MATERIALS AND METHODS

EVD-suspected patients

From November 13, 2014 to March 16, 2015, patients with suspected EVD were admitted to Jui Government Hospital (Sierra Leone-China Friendship Hospital) in Freetown, Sierra Leone. Suspected cases of EVD were defined according to World Health Organization (WHO) standards [22]. Upon admission, patients filled out a case investigation form regarding personal information, diseases history, symptoms, and epidemiological history. In addition, written informed consent was obtained from all the participants of this study. Plasma from all EVD-suspected patients was tested for EBOV by AccuPower® EBOV Real-Time RT-PCR Kit (Bioneer Corporation, Daejeon, Republic of Korea). All blood samples were treated and tested according to “Ebola hemorrhagic fever laboratory testing program (Chinese CDC)” [3, 23]. Patients testing negative for EBOV by RT-PCR were enrolled in the study.
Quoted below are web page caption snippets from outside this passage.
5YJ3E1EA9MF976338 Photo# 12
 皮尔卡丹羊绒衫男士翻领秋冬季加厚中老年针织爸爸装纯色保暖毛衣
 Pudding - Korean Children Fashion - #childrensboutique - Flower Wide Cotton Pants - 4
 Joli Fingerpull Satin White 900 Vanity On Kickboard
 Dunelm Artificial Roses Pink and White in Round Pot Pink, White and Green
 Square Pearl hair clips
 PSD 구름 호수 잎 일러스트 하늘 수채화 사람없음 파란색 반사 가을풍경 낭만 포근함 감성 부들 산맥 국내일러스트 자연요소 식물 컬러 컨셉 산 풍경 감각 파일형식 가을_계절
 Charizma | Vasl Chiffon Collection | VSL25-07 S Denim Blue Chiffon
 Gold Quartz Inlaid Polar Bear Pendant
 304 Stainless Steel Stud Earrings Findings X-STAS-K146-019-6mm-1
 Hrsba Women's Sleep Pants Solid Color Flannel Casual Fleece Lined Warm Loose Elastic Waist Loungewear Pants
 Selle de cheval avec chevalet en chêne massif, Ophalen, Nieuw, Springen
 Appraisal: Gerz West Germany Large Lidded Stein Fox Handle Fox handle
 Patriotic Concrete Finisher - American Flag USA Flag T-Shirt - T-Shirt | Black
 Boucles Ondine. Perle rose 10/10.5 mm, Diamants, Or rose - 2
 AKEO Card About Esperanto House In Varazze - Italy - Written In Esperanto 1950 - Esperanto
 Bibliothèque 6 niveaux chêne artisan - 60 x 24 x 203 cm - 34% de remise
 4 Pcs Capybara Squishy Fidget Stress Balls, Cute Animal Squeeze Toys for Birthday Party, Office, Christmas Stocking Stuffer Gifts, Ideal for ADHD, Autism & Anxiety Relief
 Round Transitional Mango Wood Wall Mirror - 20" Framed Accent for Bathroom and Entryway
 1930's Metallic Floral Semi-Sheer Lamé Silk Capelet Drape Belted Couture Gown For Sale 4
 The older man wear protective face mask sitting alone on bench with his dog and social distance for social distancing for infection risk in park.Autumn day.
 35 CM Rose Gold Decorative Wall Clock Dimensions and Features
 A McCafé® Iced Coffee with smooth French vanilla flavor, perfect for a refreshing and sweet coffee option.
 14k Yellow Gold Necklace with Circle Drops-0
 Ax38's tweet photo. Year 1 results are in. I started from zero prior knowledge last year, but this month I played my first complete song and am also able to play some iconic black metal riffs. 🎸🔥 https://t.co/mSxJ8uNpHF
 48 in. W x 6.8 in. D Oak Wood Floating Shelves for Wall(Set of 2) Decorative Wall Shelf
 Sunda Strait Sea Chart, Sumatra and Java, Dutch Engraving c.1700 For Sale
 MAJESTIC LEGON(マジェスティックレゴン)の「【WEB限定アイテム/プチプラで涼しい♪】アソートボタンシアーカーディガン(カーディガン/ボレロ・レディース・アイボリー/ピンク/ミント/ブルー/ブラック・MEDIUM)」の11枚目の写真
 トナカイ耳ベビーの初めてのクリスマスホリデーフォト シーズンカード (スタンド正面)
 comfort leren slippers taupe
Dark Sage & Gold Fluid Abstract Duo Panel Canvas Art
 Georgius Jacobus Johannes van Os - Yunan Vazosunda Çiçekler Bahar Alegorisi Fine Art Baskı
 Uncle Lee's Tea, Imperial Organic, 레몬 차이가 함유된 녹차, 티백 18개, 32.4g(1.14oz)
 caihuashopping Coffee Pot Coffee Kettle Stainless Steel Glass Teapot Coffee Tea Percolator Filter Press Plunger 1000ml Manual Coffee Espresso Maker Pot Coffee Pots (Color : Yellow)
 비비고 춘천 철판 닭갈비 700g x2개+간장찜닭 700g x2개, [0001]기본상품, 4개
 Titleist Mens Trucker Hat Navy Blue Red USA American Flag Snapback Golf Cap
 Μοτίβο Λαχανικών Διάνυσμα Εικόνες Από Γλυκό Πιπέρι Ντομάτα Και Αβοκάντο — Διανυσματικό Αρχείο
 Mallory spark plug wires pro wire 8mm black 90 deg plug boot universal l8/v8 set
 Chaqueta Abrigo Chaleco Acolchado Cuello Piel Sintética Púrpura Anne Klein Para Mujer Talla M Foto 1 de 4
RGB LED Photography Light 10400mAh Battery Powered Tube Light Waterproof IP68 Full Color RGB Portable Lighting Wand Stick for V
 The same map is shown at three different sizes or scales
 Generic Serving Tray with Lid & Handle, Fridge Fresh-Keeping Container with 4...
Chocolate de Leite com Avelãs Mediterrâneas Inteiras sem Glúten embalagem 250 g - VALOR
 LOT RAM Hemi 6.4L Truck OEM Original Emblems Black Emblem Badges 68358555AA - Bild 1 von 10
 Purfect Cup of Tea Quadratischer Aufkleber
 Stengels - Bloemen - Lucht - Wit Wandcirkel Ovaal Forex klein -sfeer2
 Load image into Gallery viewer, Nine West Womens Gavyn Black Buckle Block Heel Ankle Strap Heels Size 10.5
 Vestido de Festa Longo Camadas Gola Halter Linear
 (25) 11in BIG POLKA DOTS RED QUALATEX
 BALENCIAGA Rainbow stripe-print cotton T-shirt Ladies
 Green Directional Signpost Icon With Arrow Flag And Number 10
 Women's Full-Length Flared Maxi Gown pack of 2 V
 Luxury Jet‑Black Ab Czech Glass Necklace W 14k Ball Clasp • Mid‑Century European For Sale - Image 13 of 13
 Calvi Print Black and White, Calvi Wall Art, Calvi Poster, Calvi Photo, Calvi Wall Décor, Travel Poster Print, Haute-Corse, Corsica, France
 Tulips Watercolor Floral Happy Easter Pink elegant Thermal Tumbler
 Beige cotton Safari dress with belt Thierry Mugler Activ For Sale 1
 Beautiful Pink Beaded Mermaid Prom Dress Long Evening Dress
Diagnosis of EVD-like illnesses

EBOV-negative patients were spatially separated to avoid cross infection and further tested for malaria, yellow fever, Lassa fever, and HIV. Concomitant diseases that may influence the diagnosis were taken into account. Blood samples were screened for these illnesses independently by the Chinese CDC mobile laboratory team. Specifically, malaria was assayed with a rapid detection kit based on the colloidal gold method. Yellow fever was detected by Human yellow fever virus (YFV) antibody (IgM) ELISA Kit (MyBioSource, Inc., San Diego, USA) for specificity to IgM antibodies against yellow fever. Lassa fever was tested by ELISA for both Lassa fever antigen and virus-specific IgM. HIV was tested by the fourth-generation ELISA kit for both p24 antigen and HIV-1/2 antibody (Bio-Rad, Marnes-la-Coquette, France). To determine tuberculosis incidence and diagnosis of pneumonia, a chest X-ray was performed for the suspected tuberculosis patients presenting with low-grade fever and cough. The diagnosis of tuberculosis and pneumonia was verified by clinical symptoms, medical history, and chest X-ray. To avoid the possible window period of EBOV infection, RT-PCR assays for measuring plasma EBOV were re-conducted 72 hours after the first RT-PCR experiment. When appropriate, data were expressed as mean ± standard deviation (SD).

CONCLUSIONS

In conclusion, we investigated the etiology of EVD-like illnesses in suspected patients who tested negative for EBOV in Sierra Leone during the 2014 EVD outbreak. Clinical features were not found to be significantly beneficial in distinguishing EVD from non-EVD illnesses. However, our study argues for more extensive research to determine the clinical and molecular characteristics uniquely representative of diseases associated with EBOV infection.